After their all-nighter ends
and a new day breaks, Q arrives at school to discover that Margo, always
an enigma, has now become a mystery. But Q soon learns that there are
clues - and they're for him. Urged down a disconnected path, the closer Q
gets, the less Q sees the girl he thought he knew.
From Publishers Weekly
Green melds elements from his
Looking for Alaska and
An Abundance of Katherines—
the impossibly sophisticated but unattainable girl, and a life-altering
road trip—for another teen-pleasing read. Weeks before graduating from
their Orlando-area high school, Quentin Jacobsen's childhood best
friend, Margo, reappears in his life, specifically at his window,
commanding him to take her on an all-night, score-settling spree.

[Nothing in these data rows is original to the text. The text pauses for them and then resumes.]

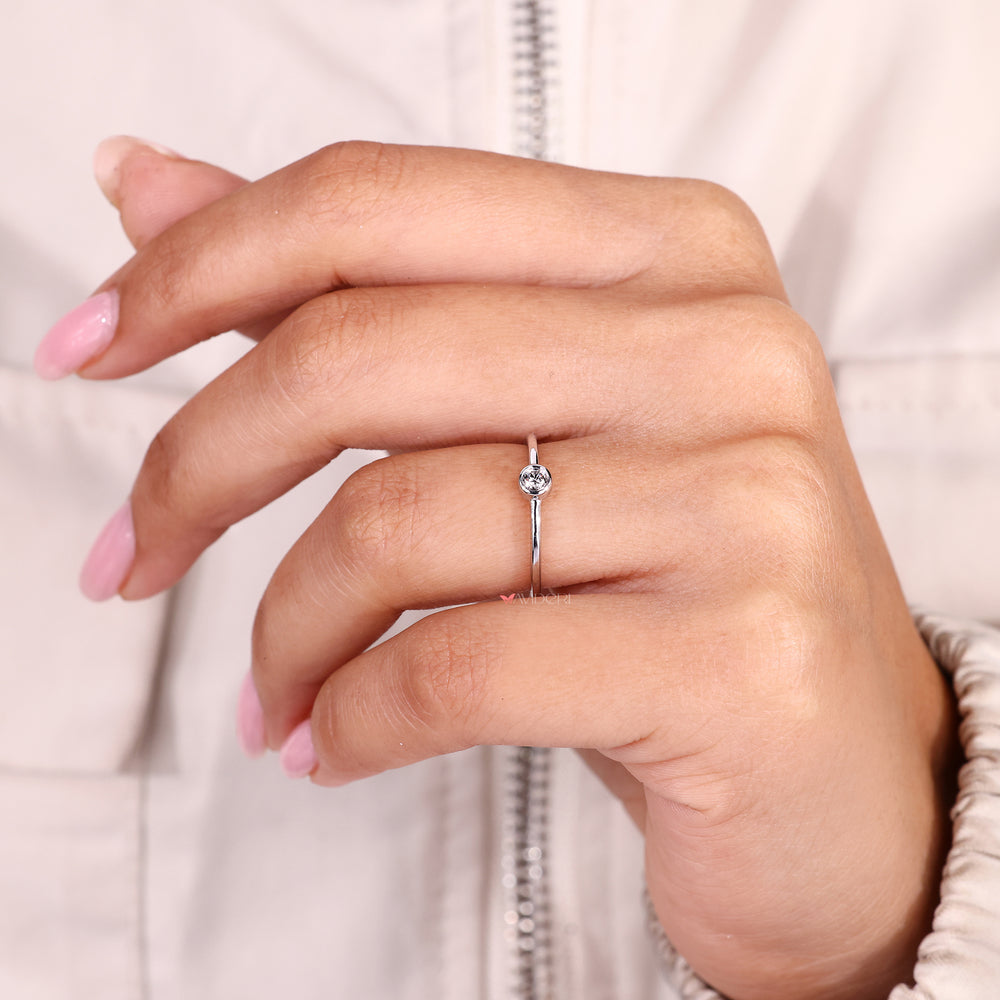 IGI certified bezel set round diamond solitaire ring.
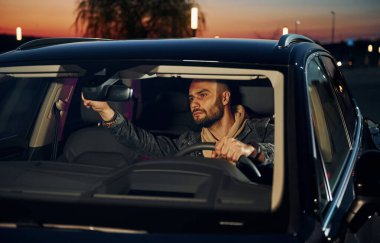 Şık giyinmiş, traşsız yakışıklı bir adam otomobiline biniyor..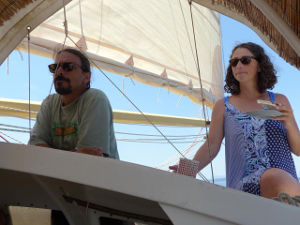 Shawn and Casey on deck, sails behind them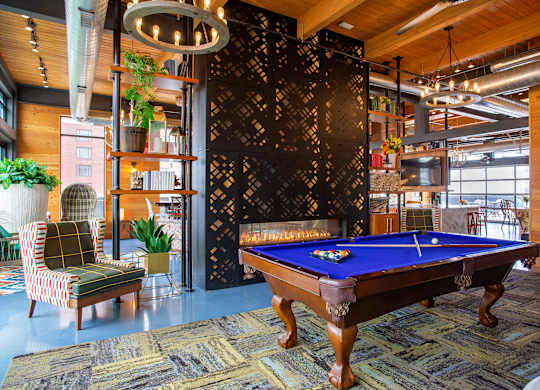 a pool table in the lobby of a house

Quentin has loved Margo from not so afar (she lives next door), years
after she ditched him for a cooler crowd. Just as suddenly, she
disappears again, and the plot's considerable tension derives from
Quentin's mission to find out if she's run away or committed suicide.
Margo's parents, inured to her extreme behavior, wash their hands, but
Quentin thinks she's left him a clue in a highlighted volume of
Leaves of Grass.
Q's sidekick, Radar, editor of a Wikipedia-like Web site, provides the
most intelligent thinking and fuels many hilarious exchanges with Q. The
title, which refers to unbuilt subdivisions and copyright trap towns
that appear on maps but don't exist, unintentionally underscores the
novel's weakness: both milquetoast Q and self-absorbed Margo are types,
not fully dimensional characters. Readers who can get past that will
enjoy the edgy journey and off-road thinking. Ages 12–up.